DIRECTIONS: No line before the one holding "Used 2024 Toyota 4Runner SR5 SUV" is to be copied; that line and all after it, through the end of the listing, are returned exactly, minus pictures.

SUPPLIED RECORDS:
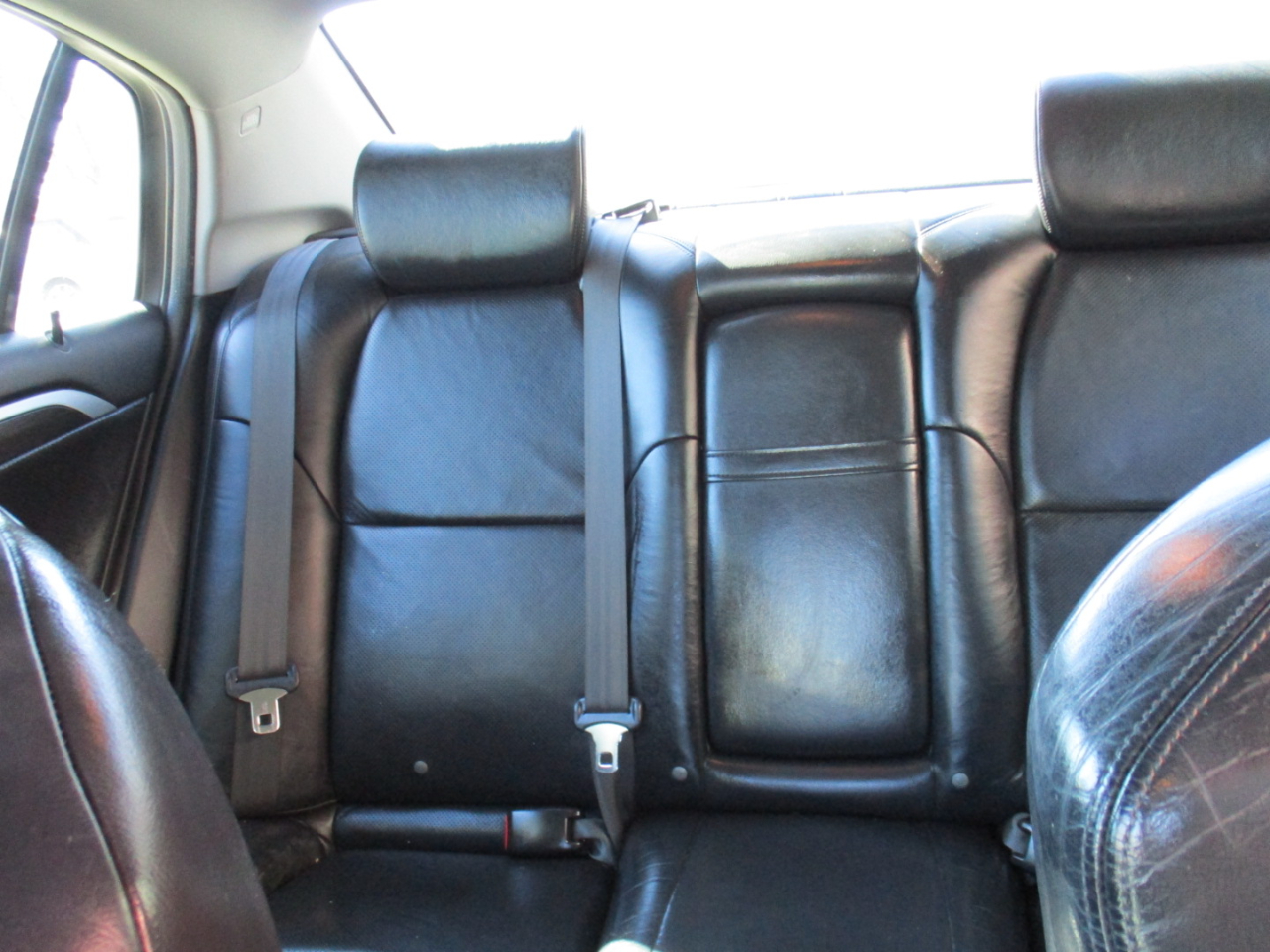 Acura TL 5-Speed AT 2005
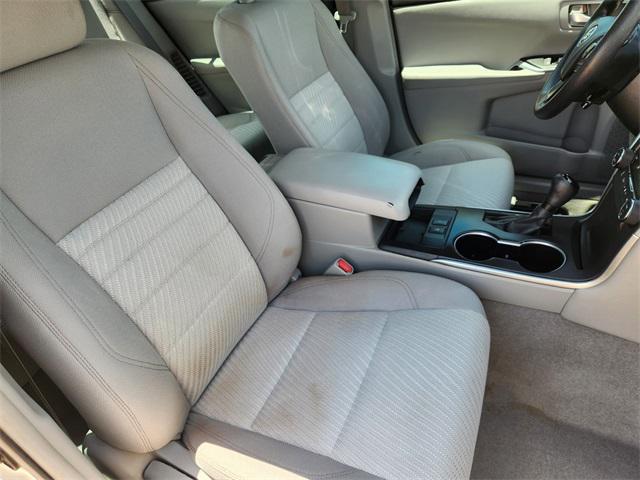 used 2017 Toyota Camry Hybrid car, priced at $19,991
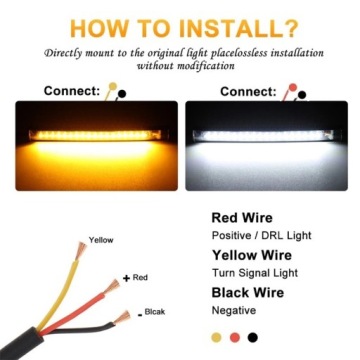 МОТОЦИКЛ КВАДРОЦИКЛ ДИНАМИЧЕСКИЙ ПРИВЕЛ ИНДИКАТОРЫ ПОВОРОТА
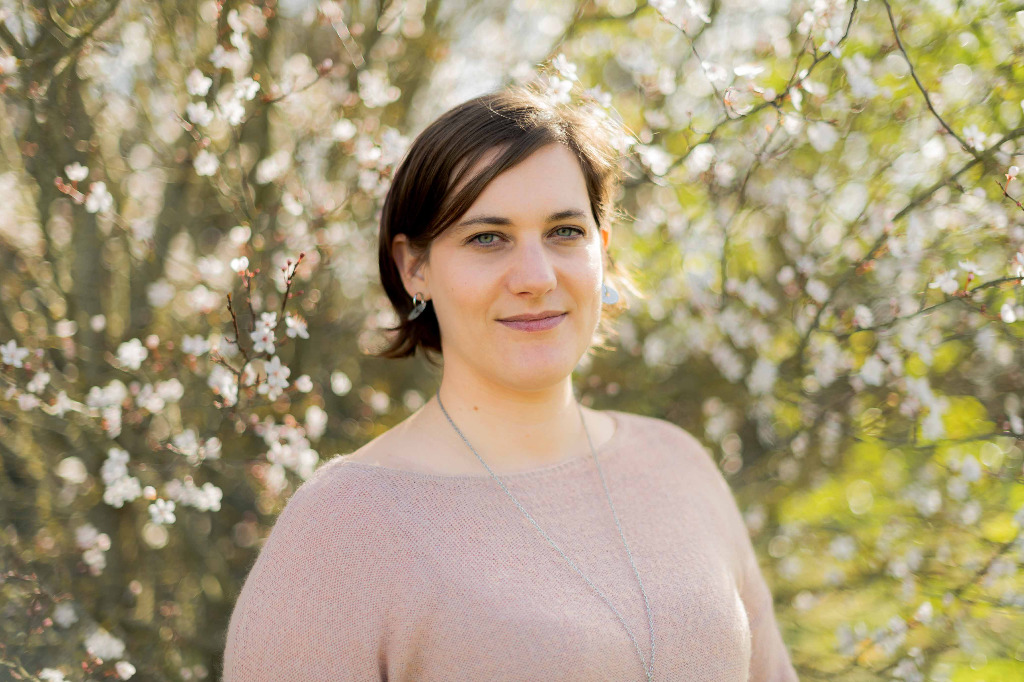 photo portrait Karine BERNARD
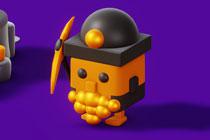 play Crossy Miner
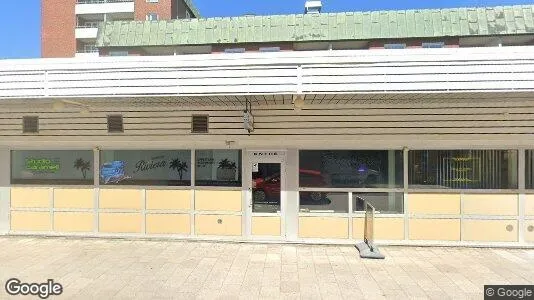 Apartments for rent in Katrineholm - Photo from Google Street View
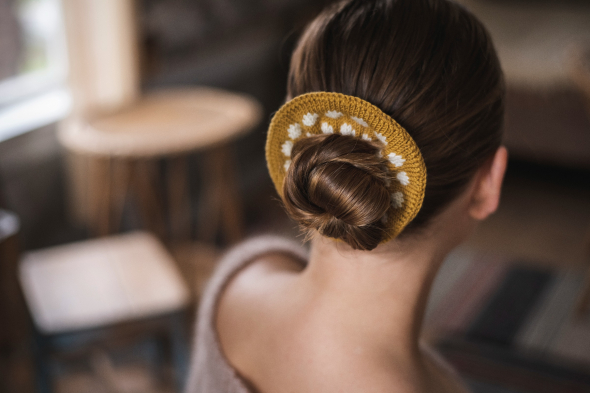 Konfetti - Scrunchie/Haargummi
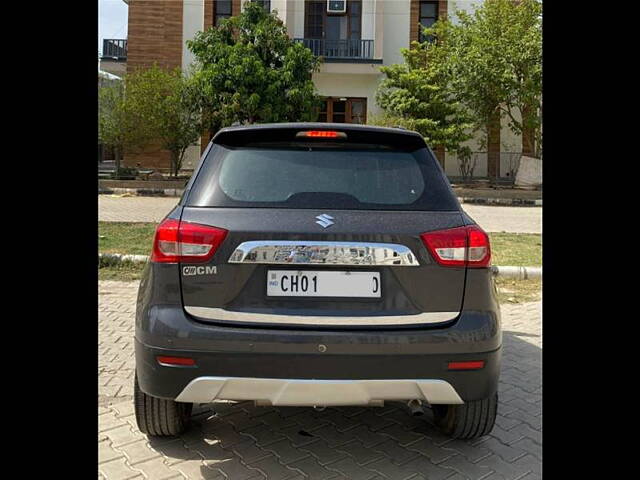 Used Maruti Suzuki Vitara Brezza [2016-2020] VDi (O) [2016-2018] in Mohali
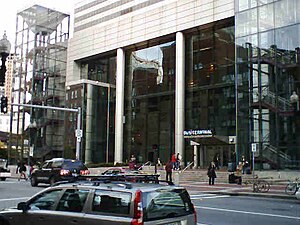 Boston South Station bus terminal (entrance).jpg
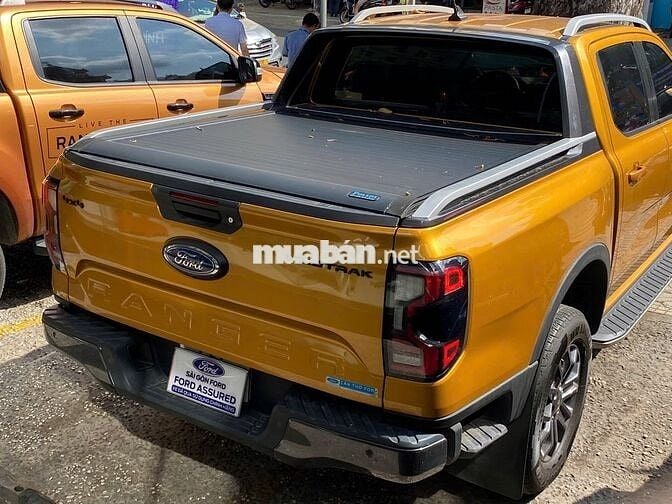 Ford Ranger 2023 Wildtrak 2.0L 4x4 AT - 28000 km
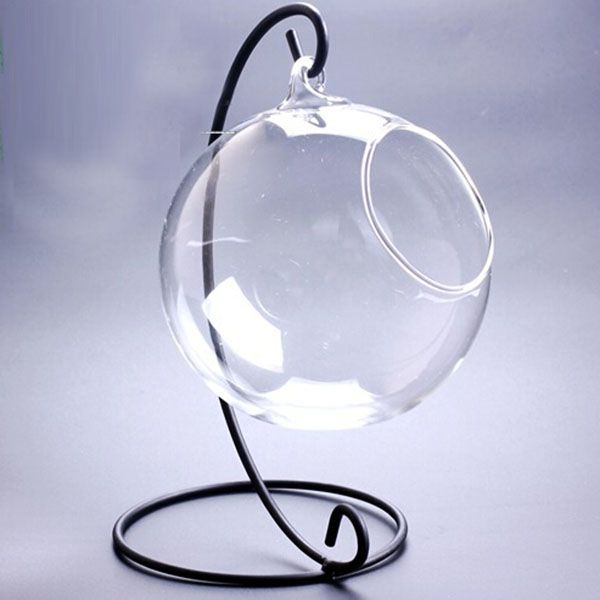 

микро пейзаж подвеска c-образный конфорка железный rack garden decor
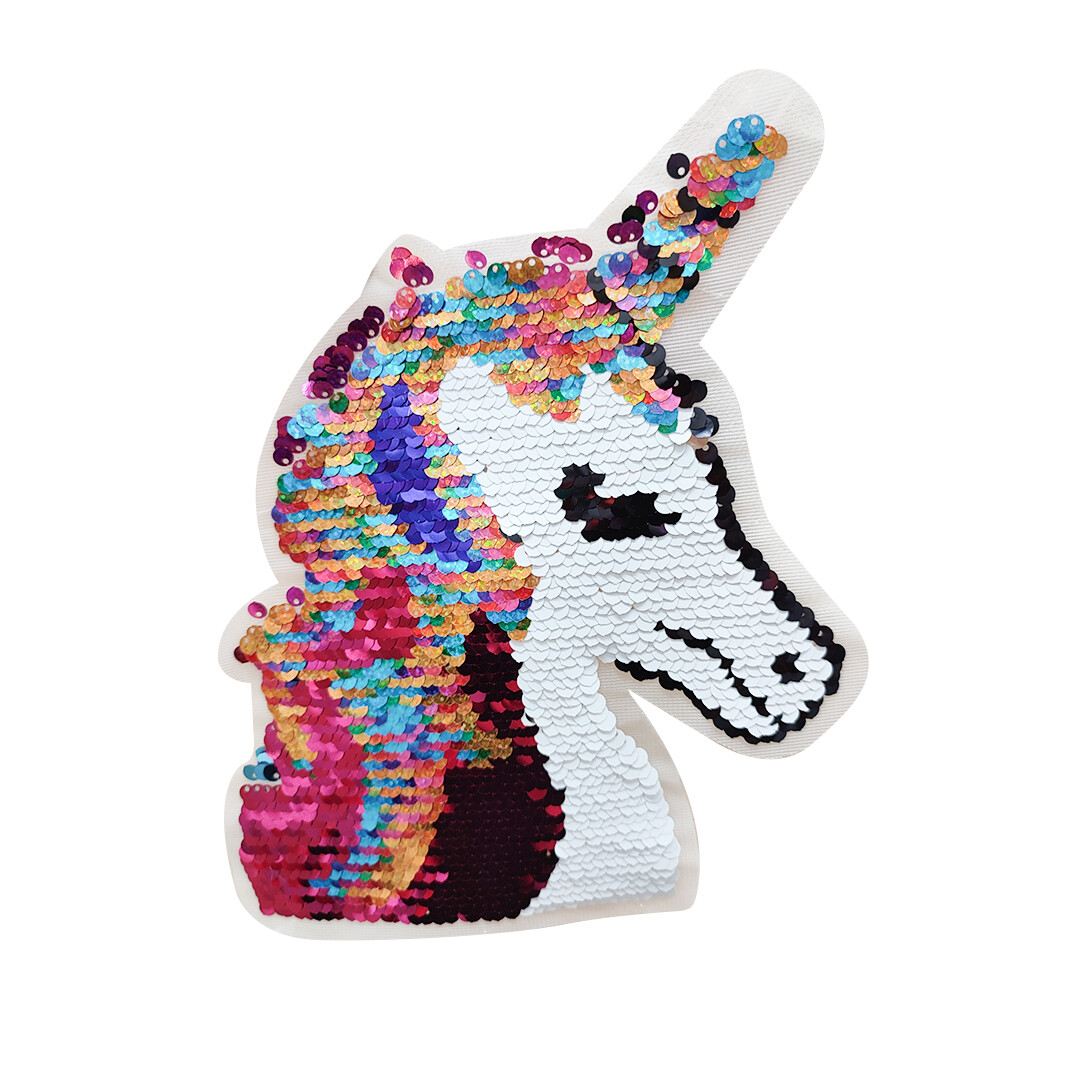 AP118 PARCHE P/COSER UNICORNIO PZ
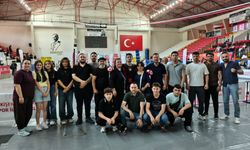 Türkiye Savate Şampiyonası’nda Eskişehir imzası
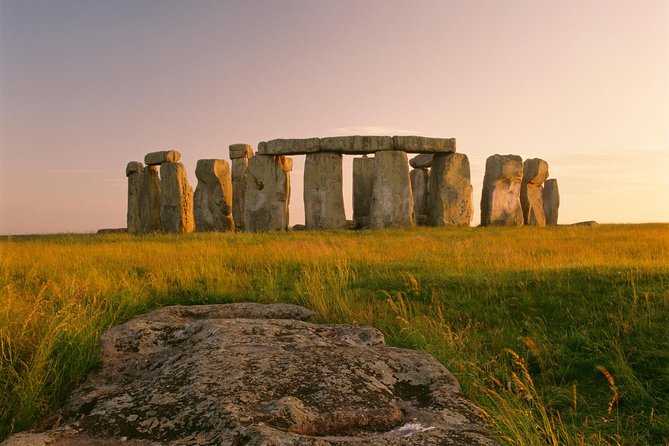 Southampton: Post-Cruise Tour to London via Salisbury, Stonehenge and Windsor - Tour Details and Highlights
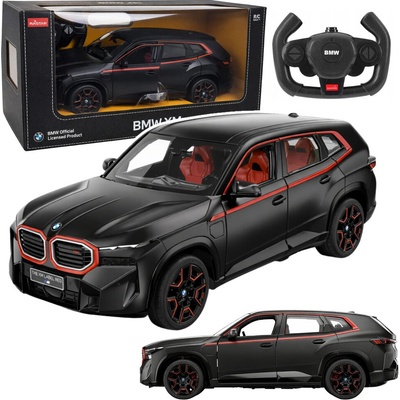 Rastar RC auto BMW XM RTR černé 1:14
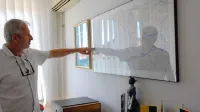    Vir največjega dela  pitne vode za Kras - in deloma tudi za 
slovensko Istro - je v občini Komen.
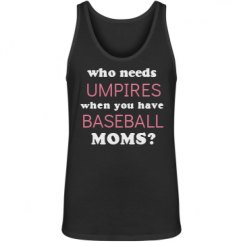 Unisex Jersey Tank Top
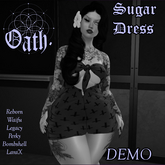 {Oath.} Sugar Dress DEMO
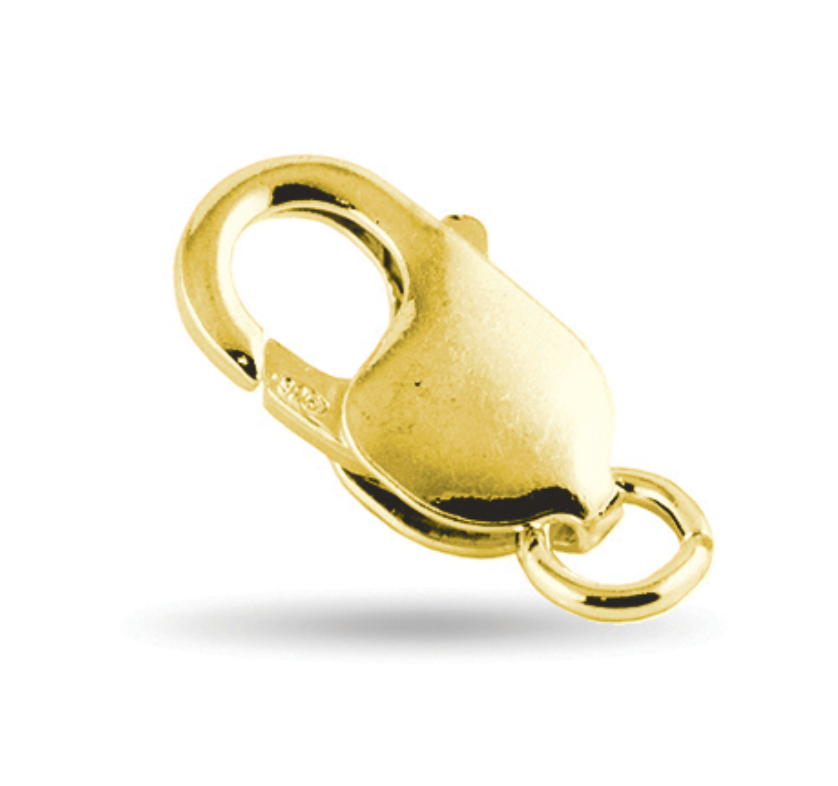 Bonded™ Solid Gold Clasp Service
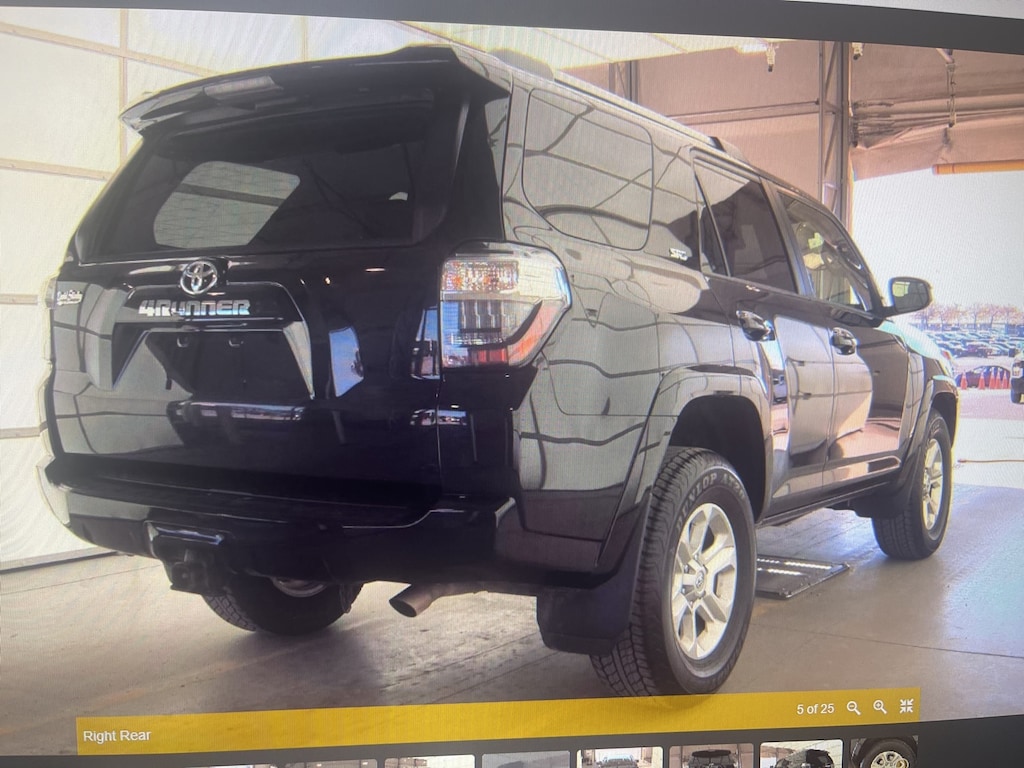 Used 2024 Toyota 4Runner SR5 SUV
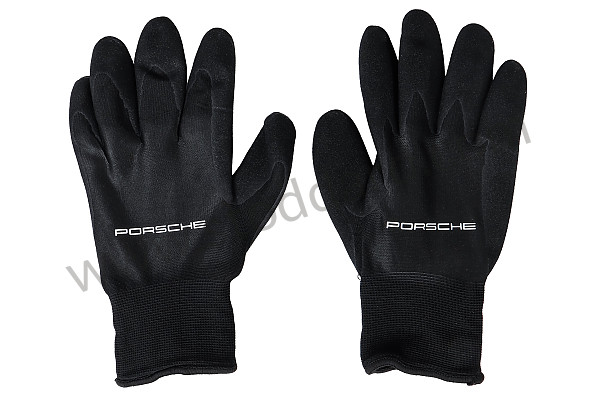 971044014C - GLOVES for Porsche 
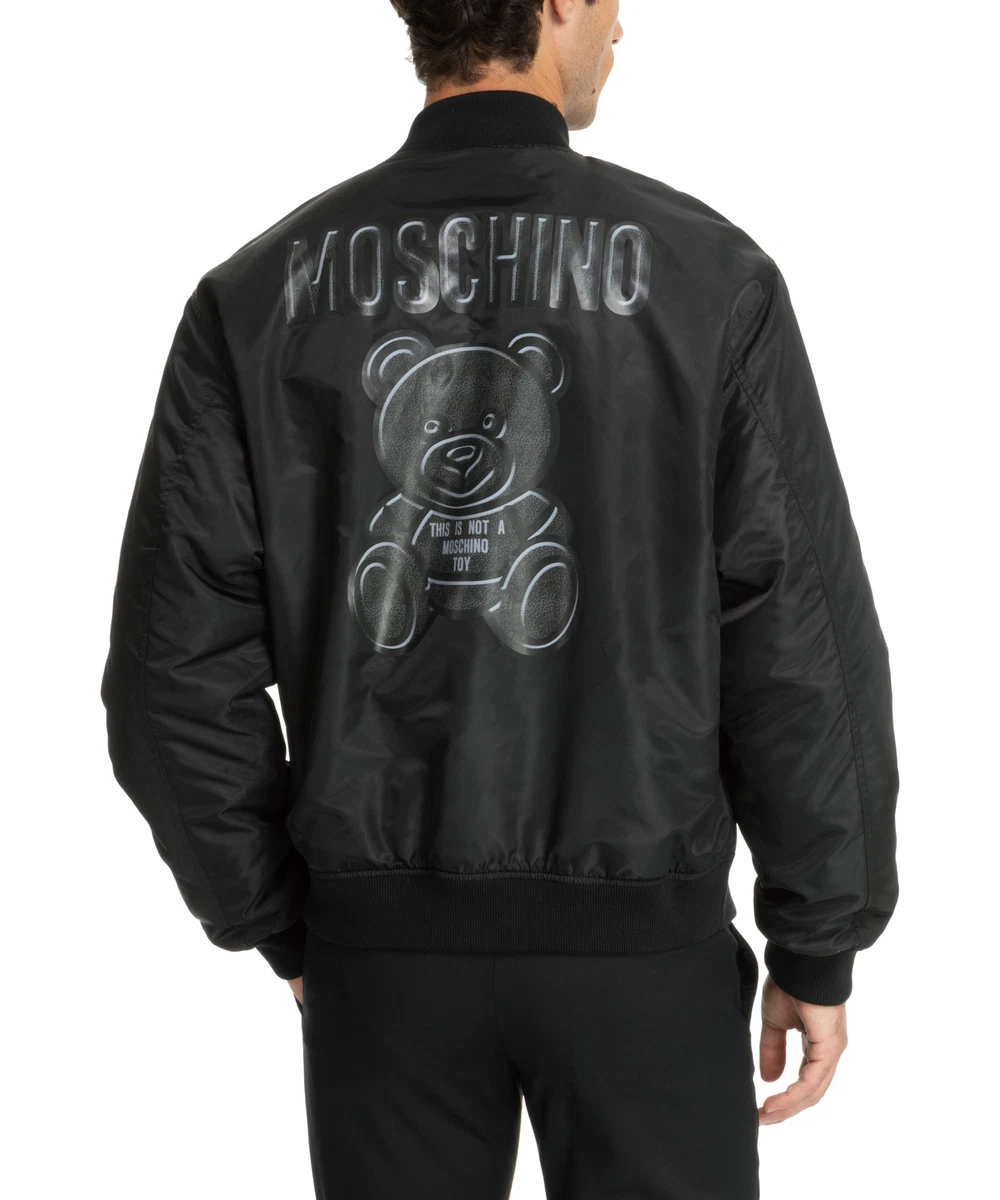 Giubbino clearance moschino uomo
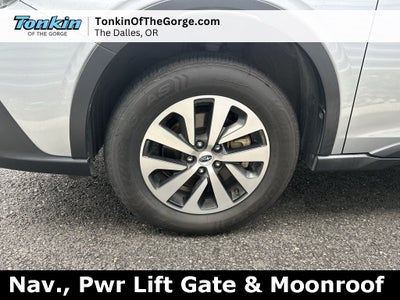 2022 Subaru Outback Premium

COMPLETED EXERCISE:
 Used 2024 Toyota 4Runner SR5 SUV
 971044014C - GLOVES for Porsche 
 Giubbino clearance moschino uomo
 2022 Subaru Outback Premium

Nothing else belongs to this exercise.